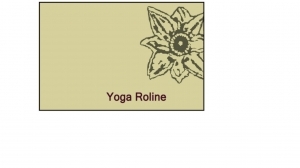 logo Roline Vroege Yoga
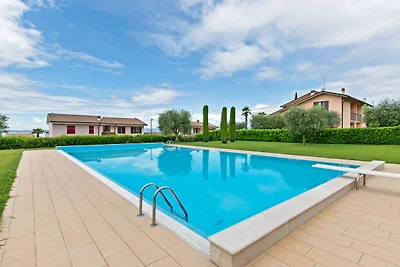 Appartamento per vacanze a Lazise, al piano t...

= = = = =

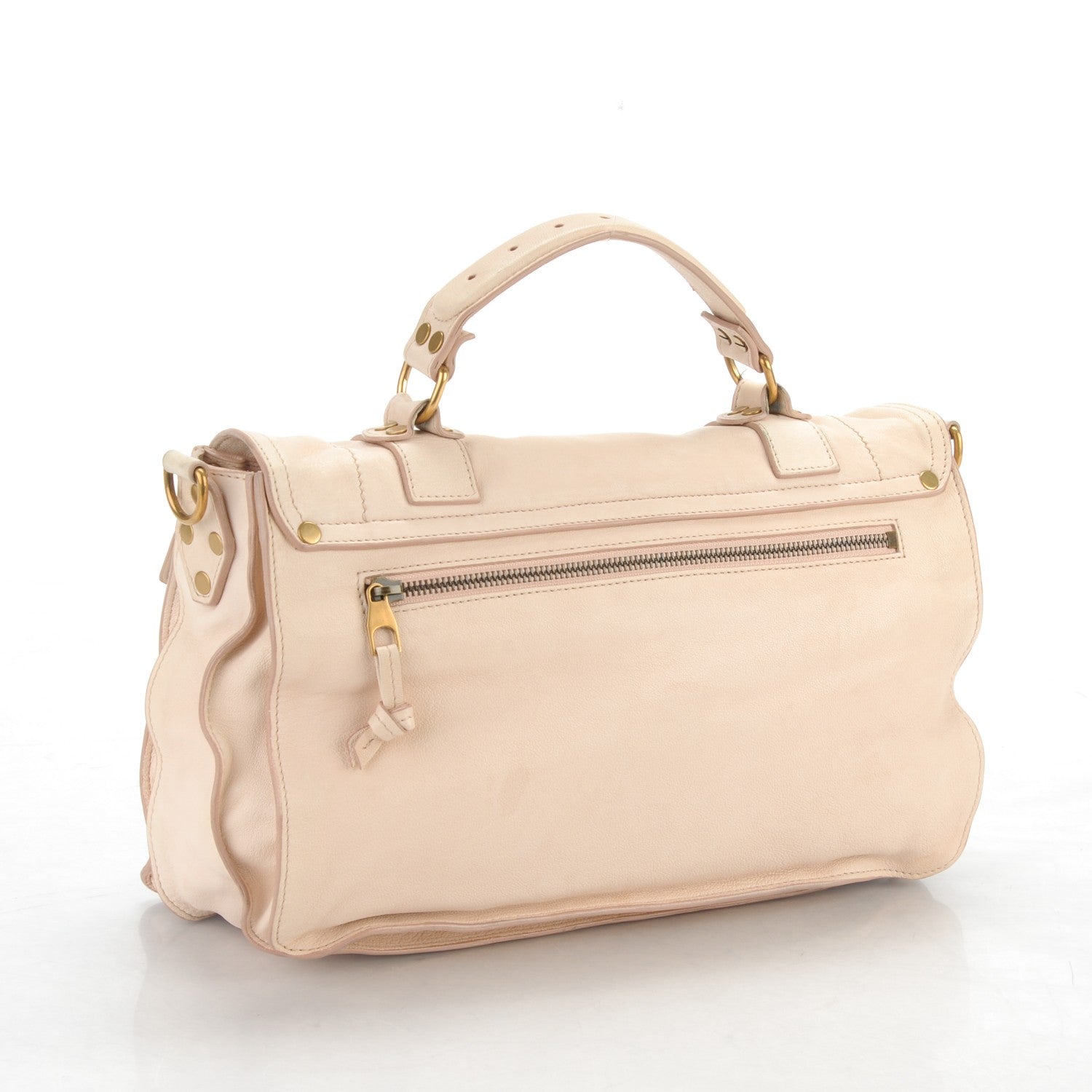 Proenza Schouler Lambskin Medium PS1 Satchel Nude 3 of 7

= = = = =

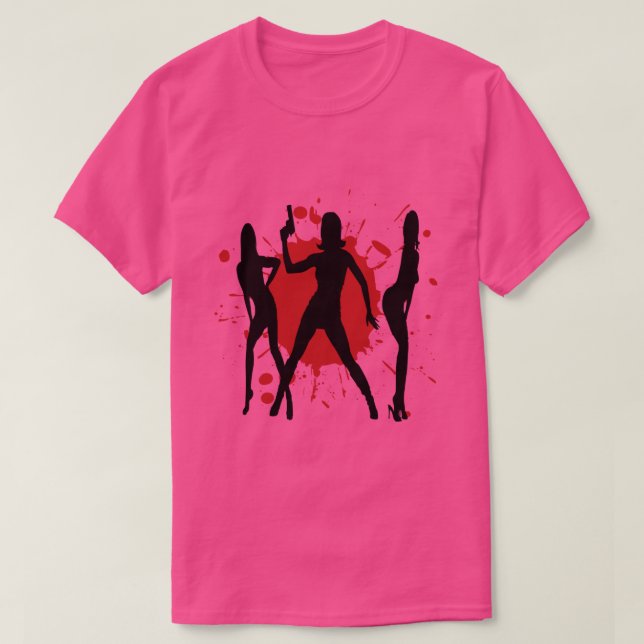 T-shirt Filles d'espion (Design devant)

= = = = =

## [Task requirements]
Print, exactly and with no pictures, the lines of the listing above starting at the one that has "logo Roline Vroege Yoga" and ending at the one that has "Appartamento per vacanze", both included.

## [Answer section]
 logo Roline Vroege Yoga
 Appartamento per vacanze a Lazise, al piano t...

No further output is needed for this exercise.